Nun gibt es zweifelsohne Menschen, die aus ihrer Persönlichkeit einen Geländewagenfahrer gemacht haben - die die erhobene Sitzposition schätzen und dem festen Panzer vertrauen, der sie auf breiten Reifen und mit massiven Stoßstangen von A nach B bringt. Und dazu gibt es natürlich auch Menschen, die einen großen, starken Zugwagen für den Beruf oder das Hobby benötigen.
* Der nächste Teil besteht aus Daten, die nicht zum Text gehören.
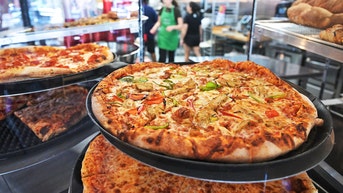 The dangerous payment trend turning $20 pizzas into financial nightmares - Fox News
Sie alle schätzen den Patrol als zuverlässigen Partner, der allerdings - wie sich nach einigen Kilometern herausstellte - auch über ein paar Schwachstellen verfügt.

Da wäre zunächst einmal der 2,8-Liter- Sechszylinder, der sich nicht nur in der Warmlaufphase als relativ rauher Geselle entpuppte, sondern der auch - bei Auslastung seiner Leistung - mit dieseluntypischen Verbrauchswerten überraschte: Der 95 Liter fassende Tank mußte nach etwa 550 Kilometern nachgefüllt werden - was einem Verbrauch von bis zu 18 Litern auf 100 Kilometern entspricht. Beim Dahinrollen läßt sich dieser Wert aber auch auf etwa 13 bis 14 Liter reduzieren. Schuld an diesen Werten ist natürlich einerseits die aerodynamische Güte der Karosserie, die sich, einer Trutzburg gleich, ziemlich erfolgreich gegen den Wind stemmt - andererseits gilt es natürlich, ein Leergewicht von rund zwei Tonnen zu beschleunigen und zu verzögern.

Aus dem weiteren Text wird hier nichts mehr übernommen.